Tive uma longa conversa comigo… Não que isso seja inédito, pelo contrário. Vira e mexe eu me pego travando diálogos internos, trazendo para argumentação críticas e insights recolhidos das minhas experiências, também das artes, dos livros, das peças e das pessoas que eu ouço aqui e ali…
Mas, dessa vez a motivação é nova: isolamento social (imposto pela pandemia covid19).
De um lado, o medo. Do outro, a responsabilidade pelo coletivo. Ou, num rompante filosófico: EU e OS OUTROS.
Dizer também que esse dilema nunca me alcançou, não é verdade. Mas, tomá-lo agora como uma regra eleita e crucial para o bem estar da maioria, é novidade.
Eu me questiono, sem nenhum compromisso: Como ficam os desejos burgueses de dar rolê no shopping para olhar vitrines?

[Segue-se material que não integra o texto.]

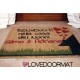 Custom indoor doormat - Welcome to the home of - in natural coconut LOVEDOORMAT Registered Trademark Handmade in Italy
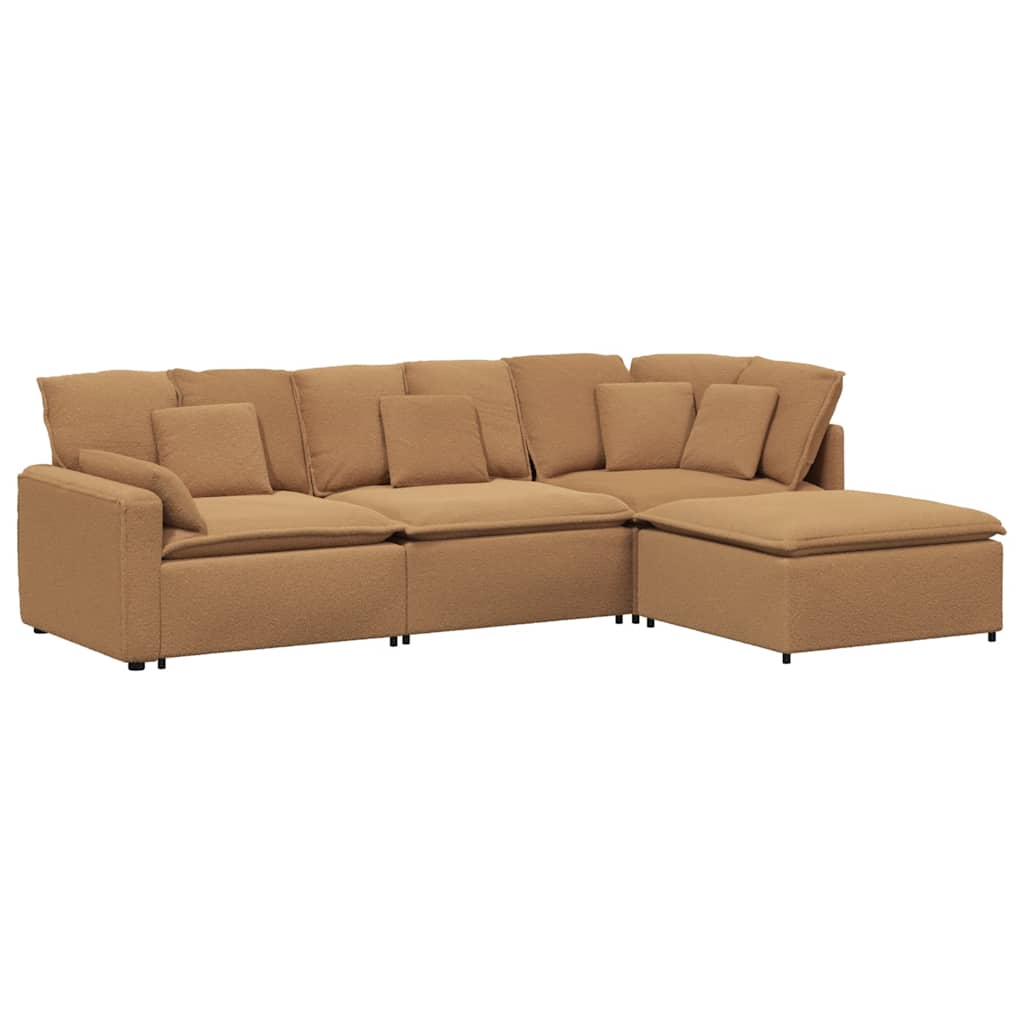 Modulsofa Med Fodskammel&puder Krøllet Uldlignende Stof Beige - Billede 2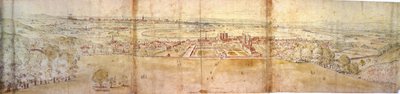 Greenwich Palace en Londen vanaf Greenwich Hill, c.1544 door Anthonis van den Wyngaerde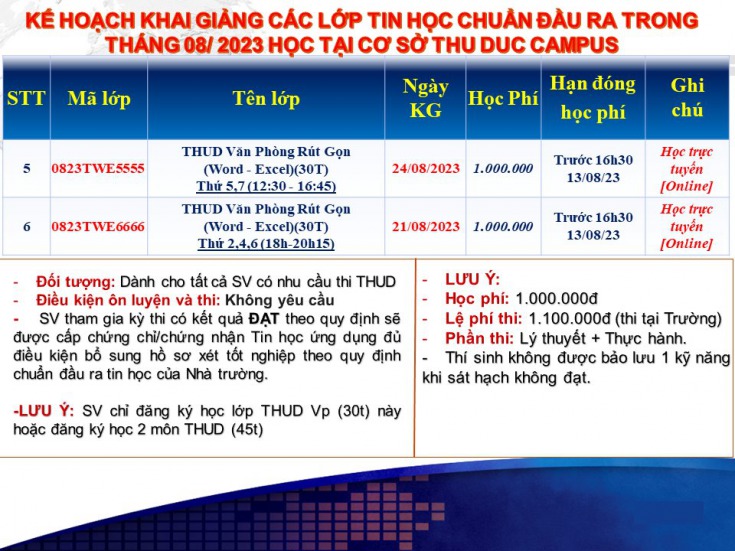 Kế hoạch chiêu sinh các lớp Tin học chuẩn đầu ra khai giảng tháng 08.2023 học tại Thu Duc Campus, Sai Gon Campus(gồm các lớp học ban ngày và buổi tối, Online) 3
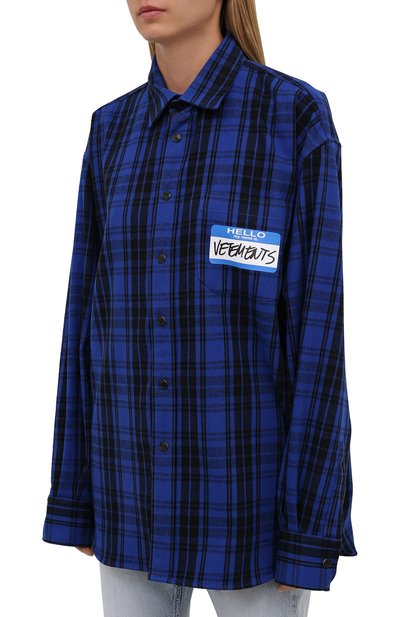 Рубашка из хлопка и вискозы VETEMENTS синего цвета по цене 114500 руб., арт. UA52SH800B 1002/W, фото 3 Рубашка из хлопка и вискозы VETEMENTS, арт. UA52SH800B 1002/W, фото 3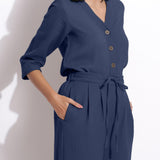 Front Detail of a Model wearing Navy Blue Cotton Waffle Relaxed Culottes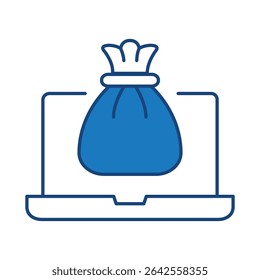 Laptop Blue Line editierbares Strichsymbol. PC, Computerfunktionen, Einstellungen, Technologie, Sicherheit, Einkauf, Geldbörse, Marketing, Werbung, Kommunikationssammlung, Vektorgrafik.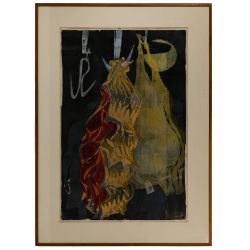 Antonio Frasconi (Argentine, 1919-2013) "Mercado de Carne de Nuevo York #1" Woodcut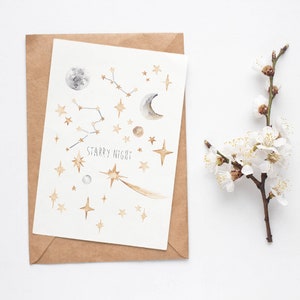 SALE Stars Greetings Card - Gemaakt van handgeschilderd ontwerp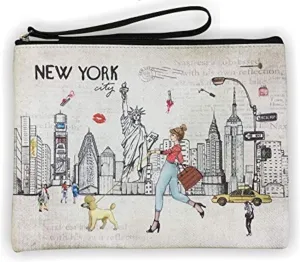 Girls & Women Large Fashion Cute New York Souvenir Zipper Pouch Travel Cosmetic Bag Hand Bag Makeup Purse (JP-330133A)
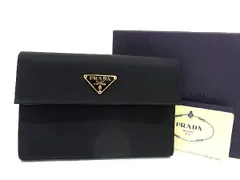 通販でクリスマス PRADA◇3つ折り財布/ナイロン/BLK/無地/メンズ/M510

E, emendo uma questão bem mais relevante: Como faço para proteger a mim e minha família sem prejudicar a diarista que depende desse dinheiro para sobreviver?
A resposta seria suspender o serviço e manter o pagamento – seria o justo se eu como prestadora de serviço, também tivesse garantidos meus rendimentos. Numa tacada, de relance, já tenho num contexto ultra restrito um enorme conflito, com várias fontes de angústias.
Sem apelar para o romantismo das lições que procuram o lado positivo dos grandes problemas, fico imaginando o vírus de origem oriental, de veloz multiplicação, rompendo continentes, sem cerimônias.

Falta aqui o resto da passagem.